EP Review: The Cortex Shift – Magic Bearded Chicken Subverts the System

The Cortex Shift

South Australian five-piece The Cortex Shift is a very musically interesting band. Their newest studio release Magic Bearded Chicken Subverts the System makes me think of Miles DavisIn a Silent Way because of its “quiet intensity”. Miles Davis’ album has a sort of divine subtlety to it that belies its incredible complexity. It’s a rhythmic masterpiece of delicate complexity. Magic Bearded Chicken Subverts the System is similar in this way, but not musically.

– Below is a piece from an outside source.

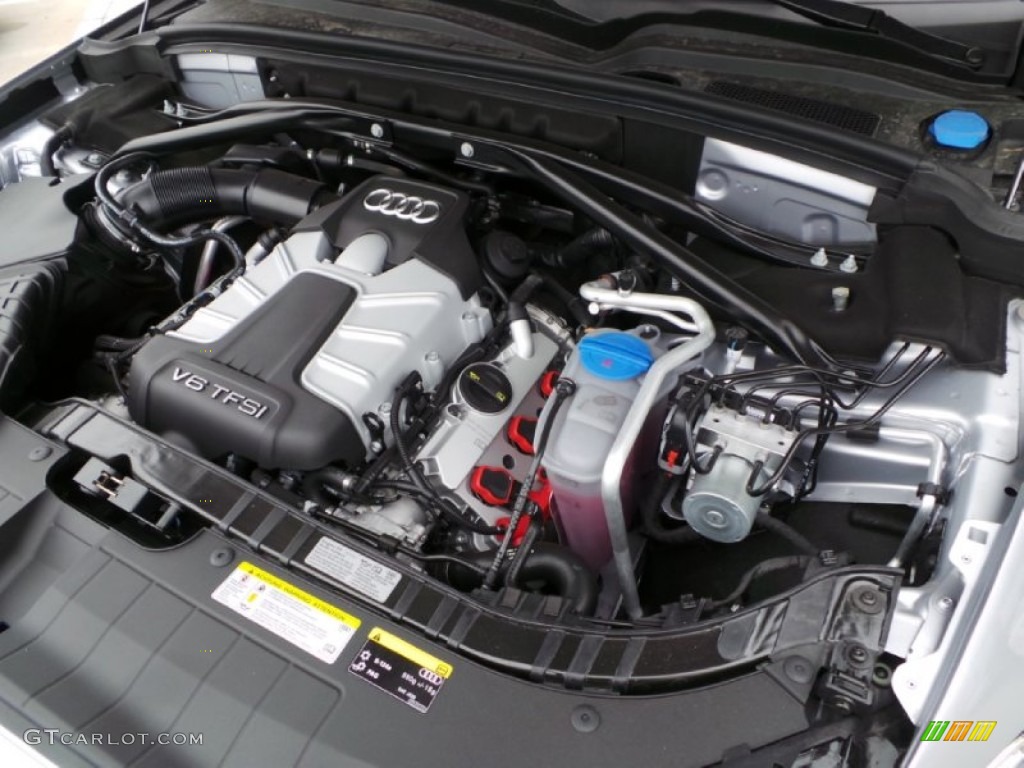 2015 Audi Q5 3.0 TFSI Premium Plus quattro Engine Photos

It achieves this same wonderful feeling via completely different methods, and this leads me to believe it was unintentional (although Davis could be listed as TCS’s influence).

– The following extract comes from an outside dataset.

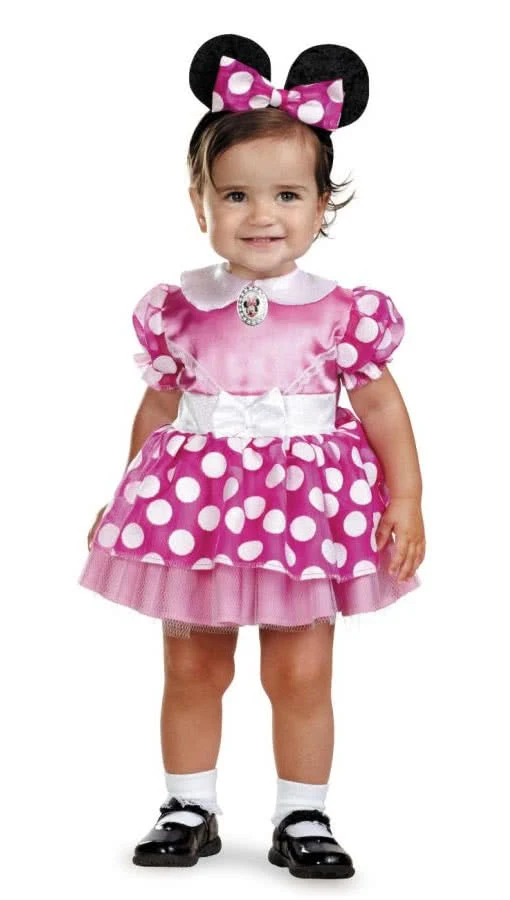 Minnie Mouse Babykostüm 12 - 18 Mo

That said, the fact that they achieved it at all is wonderful, in my eyes. Another comparison could be made to Pekka Pohjola – the Finnish  jazz fusion artist known for his tenure in Wigwam. I am reminded strongly of the title track on my favorite Pohjola album, Katkavaraan Lohikaarme (if you try to google the album keep in mind that it has a lot of umlauts that I can’t type on my American keyboard). Again, the music isn’t similar, but the basses manage to achieve the same goal for me – a sort of rhythmic bliss.

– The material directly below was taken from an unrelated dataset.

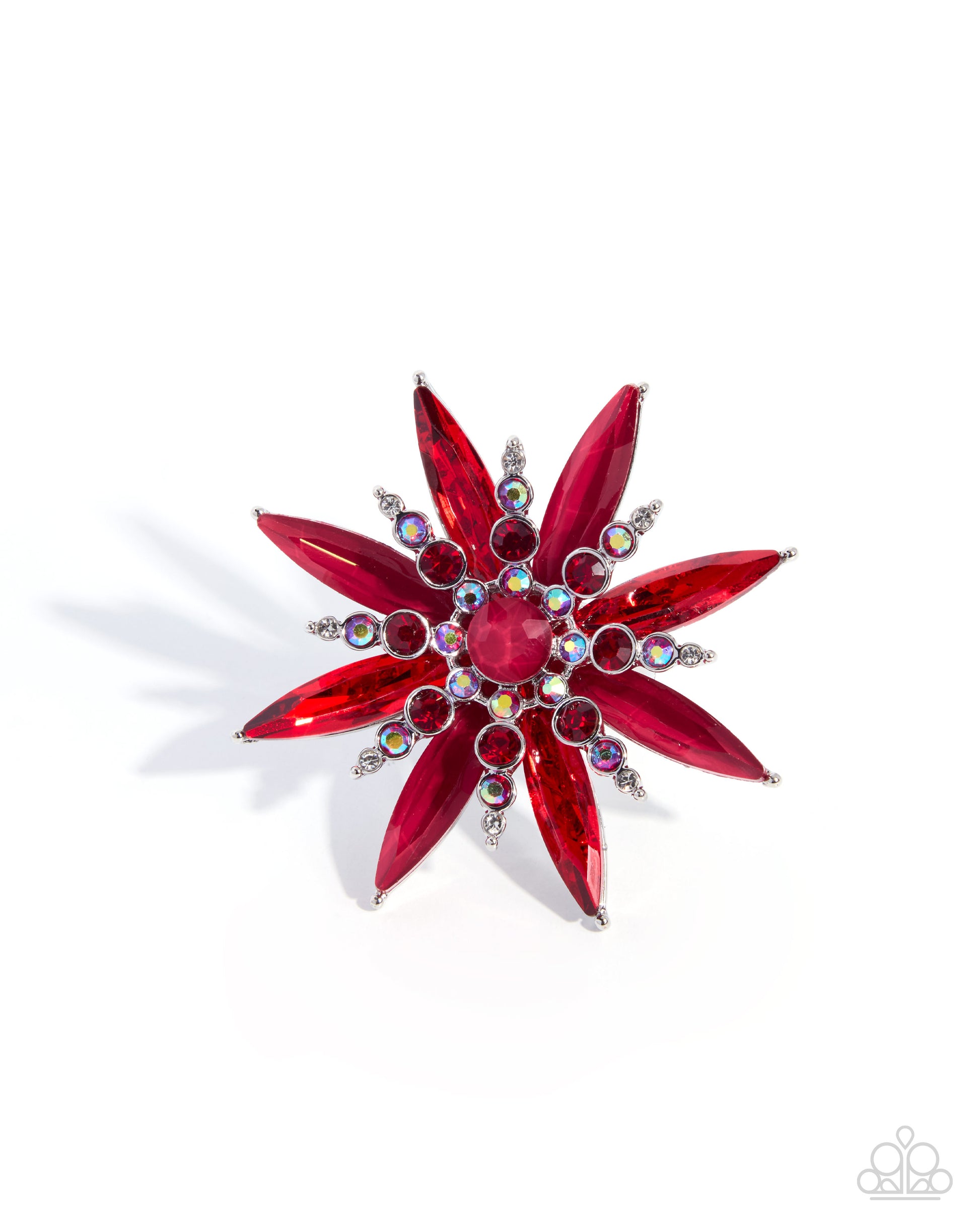 Unlimited Springtime - red - Paparazzi ring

Magic Bearded Chicken Subverts the System

The quiet intensity on Magic Bearded Chicken… comes from the juxtaposition of Ciara Ferguson’s grand piano over the driving beat of the rhythm section (Edward Bittner and Max Tulysewski on bass and drums, respectively). To bring the sound on a totally different level, we have Kyle Opie and Sam Morris with their—at times—incredibly spacey guitars. The guitar duo knows how to deliver a beefy riff cannonade throughout the EP’s six tracks. The best example of this that I can think of is “The Surface.” The music is composed so subtly that it manages to build to a thundering crescendo without the listener even realizing it. Once you finally get it, waves of sound are crashing over you and suddenly fall down again to begin the next track. I also love that there are parts of the record that deviate strongly from this, such as the experimental parts of “Coupris Kineema,” and the energetic jazz rock finale, “Smoot Pt. 2.” This helps to ensure it doesn’t get monotonous.

Musically I wouldn’t call this pure jazz, but spiritually and aesthetically it couldn’t be jazzier. It has jazz’s unpretentious “coolness” seeping throughout, just welcoming you in. It’s very spacy in a way though, somewhat like the various forms of psychedelic rock.

Anyway, buy this EP. Support new bands in countries far across the globe! Eat some Aussie barbecue while listening to The Cortex Shift.